A word-for-word copy of the entries is needed, and it should contain no images.

────────

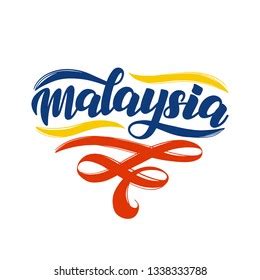 Tourism Malaysia Logo Vector (.EPS) Free Download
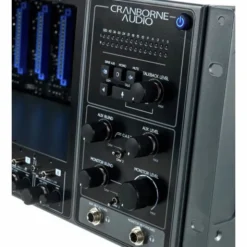 Cranborne Audio 500R8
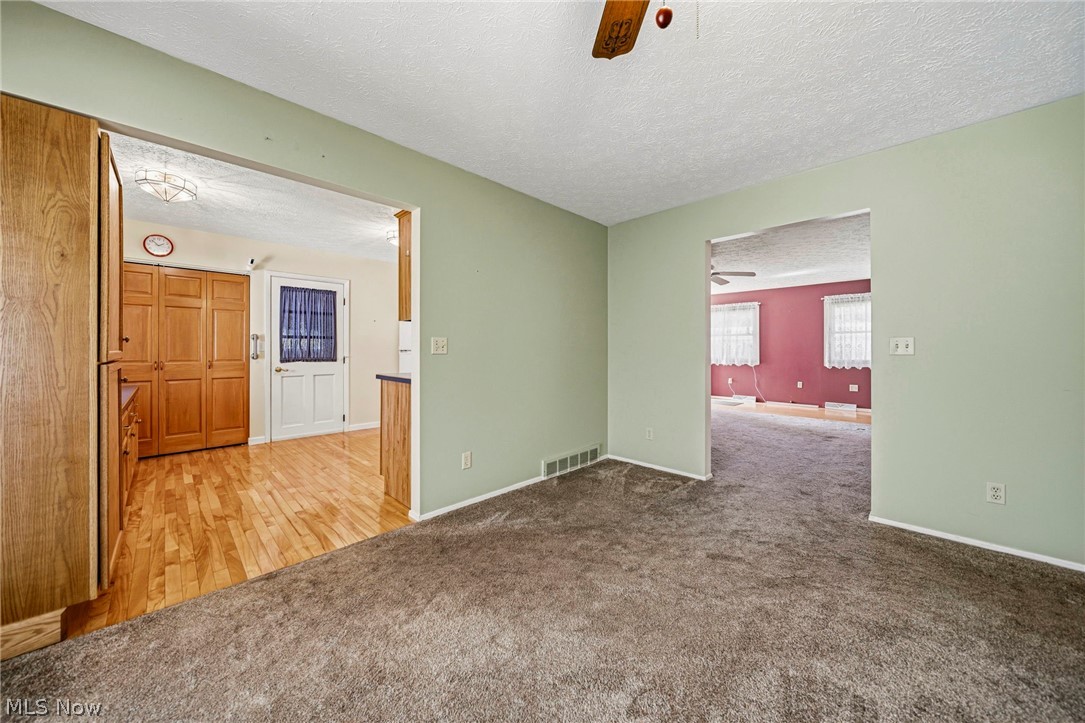 3908 Shi Mar Drive Ashtabula OH 44004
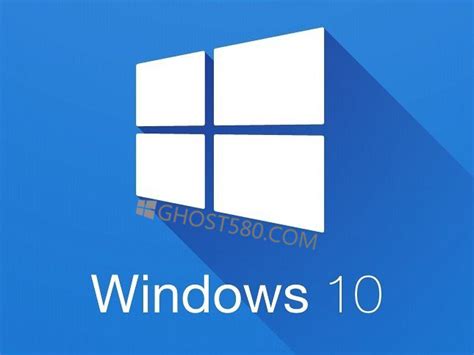 win10升级专业版密钥最新（Windows11怎么升级专业版呢？使用产品密钥升级）-windows教程-67度备忘录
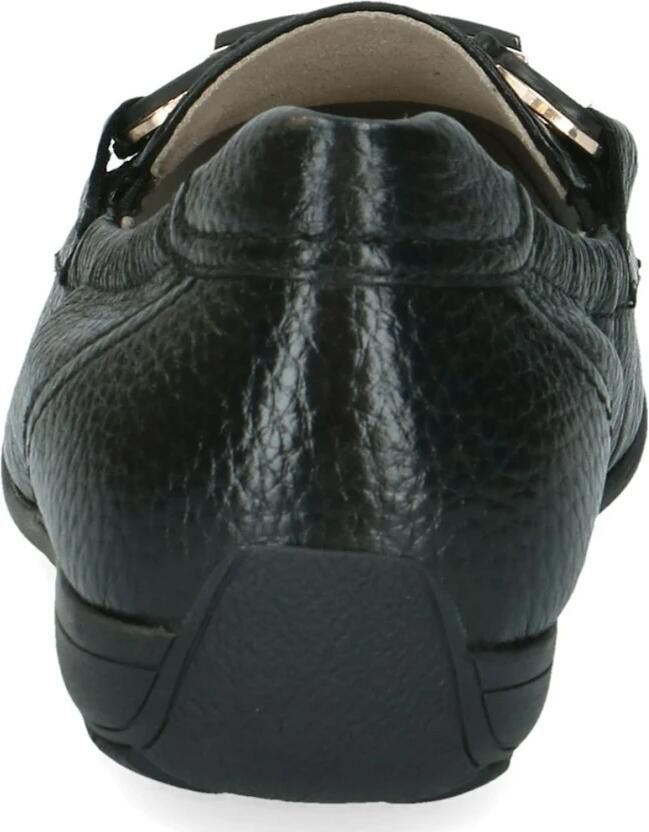 Caprice Dames Instappers 9-24654-42 003 G-breedte - Foto 2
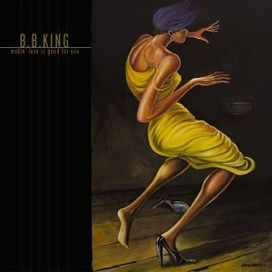 Let the Good Times Roll - 1999 • Álbum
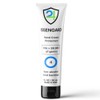 Issengard Moisturizing Luxury Hand Cream & Sanitizer
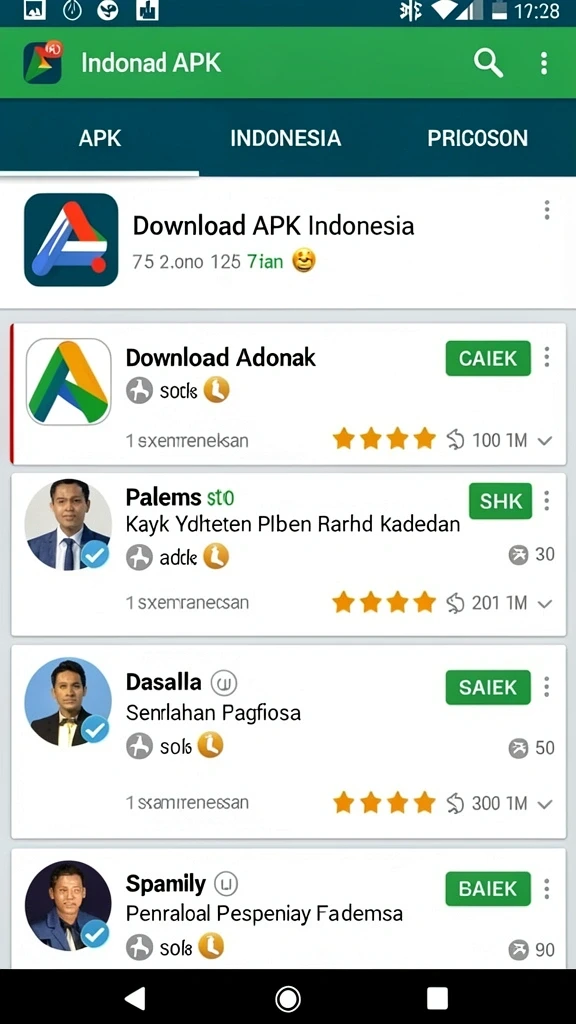 Screenshot megavisa88 nomor 1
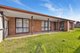 Photo - 22 Taketa Crescent, Frankston VIC 3199 - Image 12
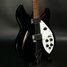 Rickenbacker 330/6 , Jetglo: Free image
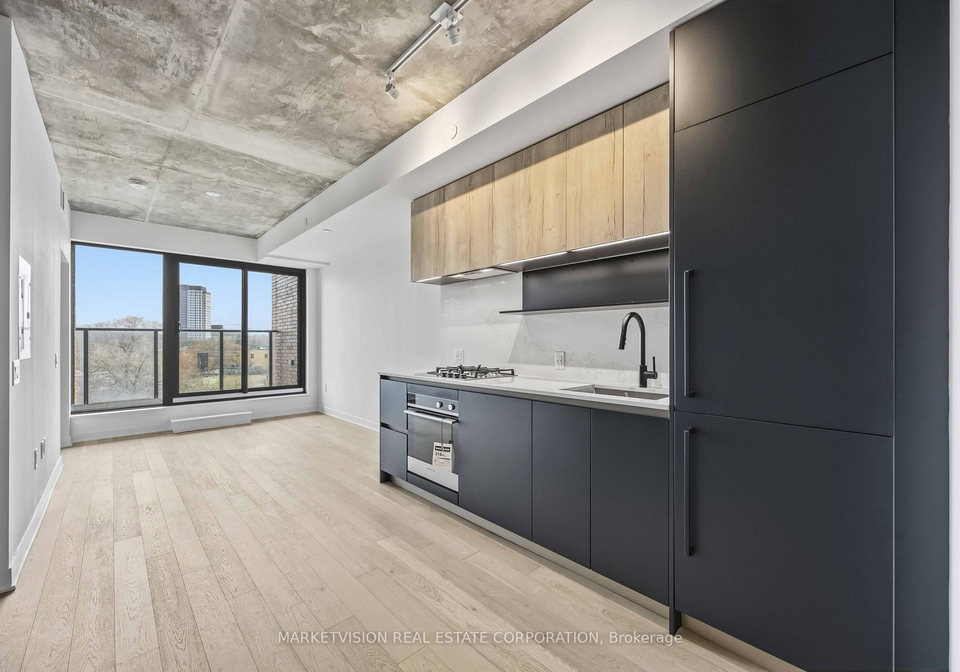 2625-dundas-street-w-toronto-ontario-w13020626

────────

**Written answer**
 Tourism Malaysia Logo Vector (.EPS) Free Download
 Cranborne Audio 500R8
 3908 Shi Mar Drive Ashtabula OH 44004
 win10升级专业版密钥最新（Windows11怎么升级专业版呢？使用产品密钥升级）-windows教程-67度备忘录
 Caprice Dames Instappers 9-24654-42 003 G-breedte - Foto 2
 Let the Good Times Roll - 1999 • Álbum
 Issengard Moisturizing Luxury Hand Cream & Sanitizer
 Screenshot megavisa88 nomor 1
 Photo - 22 Taketa Crescent, Frankston VIC 3199 - Image 12
 Rickenbacker 330/6 , Jetglo: Free image
 2625-dundas-street-w-toronto-ontario-w13020626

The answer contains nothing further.